» **Entries supplied**:
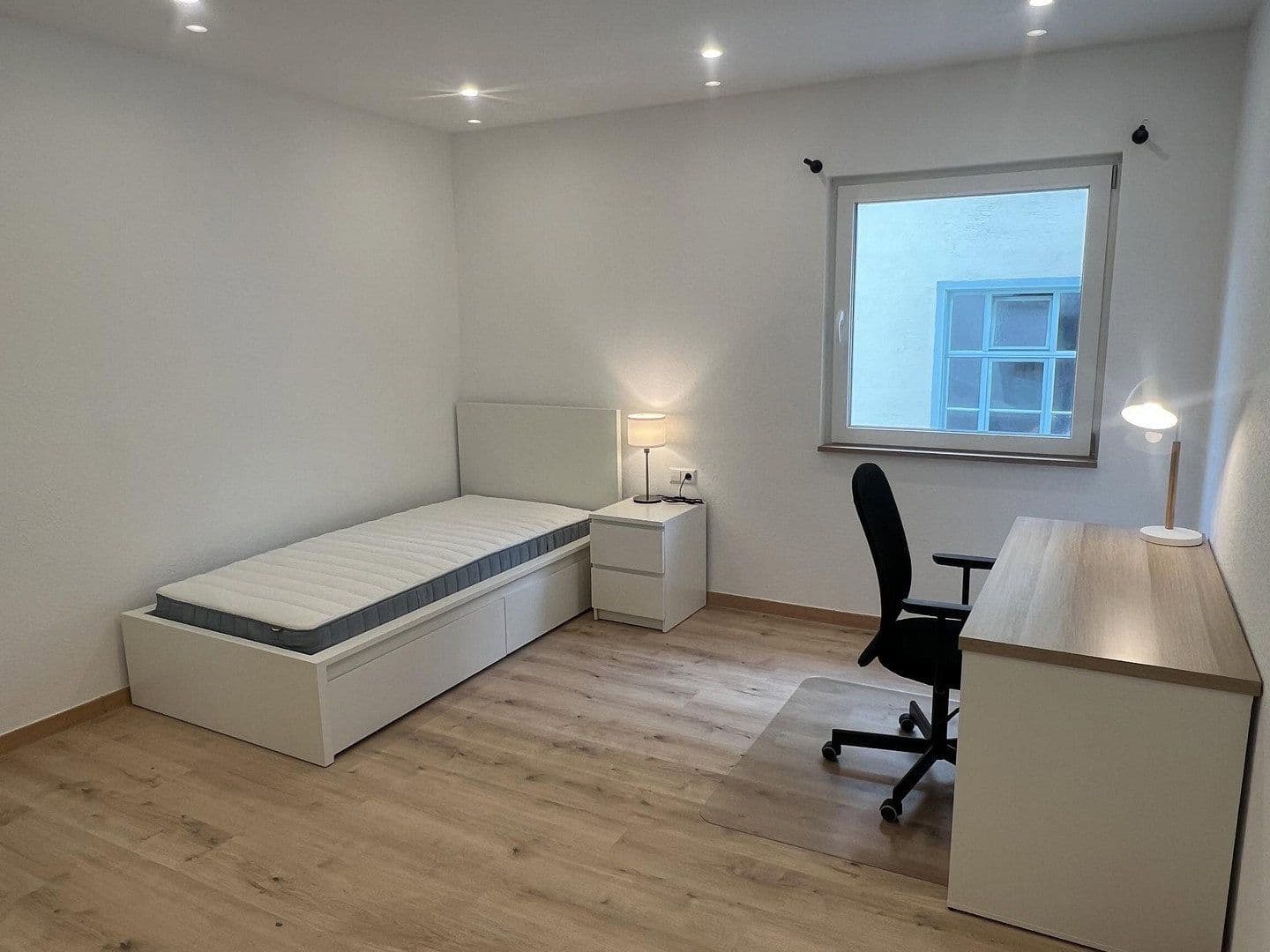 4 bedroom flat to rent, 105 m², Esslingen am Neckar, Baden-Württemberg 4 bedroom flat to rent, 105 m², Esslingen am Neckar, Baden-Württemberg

==

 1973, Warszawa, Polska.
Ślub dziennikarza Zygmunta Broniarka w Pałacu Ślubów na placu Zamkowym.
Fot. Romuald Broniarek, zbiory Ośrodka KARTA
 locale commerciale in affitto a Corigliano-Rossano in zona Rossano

» **Assigned task**: Within the material above, extract exactly the lines that start at the line containing "Fot. Romuald Broniarek, zbiory Ośrodka KARTA" and stop after the line containing "locale commerciale in", and only those.

» **Worked solution**:
Fot. Romuald Broniarek, zbiory Ośrodka KARTA
 locale commerciale in affitto a Corigliano-Rossano in zona Rossano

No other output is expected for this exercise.